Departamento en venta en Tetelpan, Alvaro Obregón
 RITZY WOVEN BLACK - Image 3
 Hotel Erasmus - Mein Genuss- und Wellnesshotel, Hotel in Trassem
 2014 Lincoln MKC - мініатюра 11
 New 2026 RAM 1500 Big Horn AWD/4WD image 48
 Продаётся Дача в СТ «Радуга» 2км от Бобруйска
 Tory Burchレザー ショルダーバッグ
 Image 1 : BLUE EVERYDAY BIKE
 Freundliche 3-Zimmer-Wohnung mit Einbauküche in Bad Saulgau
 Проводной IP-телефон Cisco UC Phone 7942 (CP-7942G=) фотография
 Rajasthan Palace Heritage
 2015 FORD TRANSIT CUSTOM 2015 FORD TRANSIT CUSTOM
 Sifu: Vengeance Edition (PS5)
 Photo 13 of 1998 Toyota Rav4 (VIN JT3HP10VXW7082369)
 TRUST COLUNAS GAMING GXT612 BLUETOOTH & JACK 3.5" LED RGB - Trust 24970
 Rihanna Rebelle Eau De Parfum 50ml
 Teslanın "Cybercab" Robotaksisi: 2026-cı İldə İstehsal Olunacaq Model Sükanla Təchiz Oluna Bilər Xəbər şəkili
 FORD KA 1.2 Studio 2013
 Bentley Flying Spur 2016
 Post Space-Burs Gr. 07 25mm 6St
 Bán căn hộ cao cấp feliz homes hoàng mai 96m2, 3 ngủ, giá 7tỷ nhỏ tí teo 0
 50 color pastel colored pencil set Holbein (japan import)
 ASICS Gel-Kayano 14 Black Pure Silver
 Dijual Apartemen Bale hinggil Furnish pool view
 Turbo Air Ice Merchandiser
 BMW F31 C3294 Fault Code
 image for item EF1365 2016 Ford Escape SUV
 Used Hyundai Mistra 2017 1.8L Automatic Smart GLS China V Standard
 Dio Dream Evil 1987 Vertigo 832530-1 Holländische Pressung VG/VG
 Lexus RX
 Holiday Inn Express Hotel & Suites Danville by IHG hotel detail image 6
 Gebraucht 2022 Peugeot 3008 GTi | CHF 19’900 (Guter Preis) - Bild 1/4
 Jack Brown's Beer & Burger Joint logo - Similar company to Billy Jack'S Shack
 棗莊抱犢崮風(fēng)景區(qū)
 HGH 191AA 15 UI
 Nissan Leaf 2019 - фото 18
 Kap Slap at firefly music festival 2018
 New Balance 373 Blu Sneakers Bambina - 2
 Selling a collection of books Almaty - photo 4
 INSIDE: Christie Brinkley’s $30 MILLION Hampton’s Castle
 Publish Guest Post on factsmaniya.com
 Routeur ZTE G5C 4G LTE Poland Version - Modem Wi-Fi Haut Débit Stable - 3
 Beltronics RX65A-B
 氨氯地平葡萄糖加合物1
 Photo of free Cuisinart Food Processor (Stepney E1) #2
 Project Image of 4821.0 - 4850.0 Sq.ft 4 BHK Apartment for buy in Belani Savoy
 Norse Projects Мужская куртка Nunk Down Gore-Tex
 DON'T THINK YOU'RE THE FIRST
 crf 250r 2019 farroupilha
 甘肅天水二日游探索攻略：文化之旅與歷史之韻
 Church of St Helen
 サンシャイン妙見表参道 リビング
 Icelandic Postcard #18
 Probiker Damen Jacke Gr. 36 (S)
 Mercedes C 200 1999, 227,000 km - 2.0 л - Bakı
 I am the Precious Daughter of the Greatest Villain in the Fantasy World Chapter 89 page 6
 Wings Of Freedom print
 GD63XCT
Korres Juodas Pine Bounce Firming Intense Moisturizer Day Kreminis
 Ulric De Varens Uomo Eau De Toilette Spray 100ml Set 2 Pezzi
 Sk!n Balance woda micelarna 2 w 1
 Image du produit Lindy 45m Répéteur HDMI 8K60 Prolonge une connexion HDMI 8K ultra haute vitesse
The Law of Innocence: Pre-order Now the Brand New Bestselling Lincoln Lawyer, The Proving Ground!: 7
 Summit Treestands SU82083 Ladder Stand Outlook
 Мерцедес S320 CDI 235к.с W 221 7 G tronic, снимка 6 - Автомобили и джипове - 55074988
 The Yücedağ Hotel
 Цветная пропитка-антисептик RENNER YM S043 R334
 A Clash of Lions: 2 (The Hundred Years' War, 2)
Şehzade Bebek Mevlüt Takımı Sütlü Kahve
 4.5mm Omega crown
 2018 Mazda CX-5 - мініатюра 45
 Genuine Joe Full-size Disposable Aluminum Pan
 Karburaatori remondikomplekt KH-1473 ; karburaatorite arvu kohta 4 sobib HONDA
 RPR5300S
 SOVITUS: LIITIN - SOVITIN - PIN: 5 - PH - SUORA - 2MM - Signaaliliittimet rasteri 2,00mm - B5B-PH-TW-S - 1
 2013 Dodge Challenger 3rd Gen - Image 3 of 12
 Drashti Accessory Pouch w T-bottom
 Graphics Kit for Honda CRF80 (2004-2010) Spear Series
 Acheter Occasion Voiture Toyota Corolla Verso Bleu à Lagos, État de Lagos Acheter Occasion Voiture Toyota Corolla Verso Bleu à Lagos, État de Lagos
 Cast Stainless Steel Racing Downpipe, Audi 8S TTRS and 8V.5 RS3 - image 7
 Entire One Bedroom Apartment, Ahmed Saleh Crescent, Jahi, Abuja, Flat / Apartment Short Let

───

GOAL OF THE EXERCISE.
Going through the entries above, show each line that contains "мініатюра".

RESPONSE.
 2014 Lincoln MKC - мініатюра 11
 2018 Mazda CX-5 - мініатюра 45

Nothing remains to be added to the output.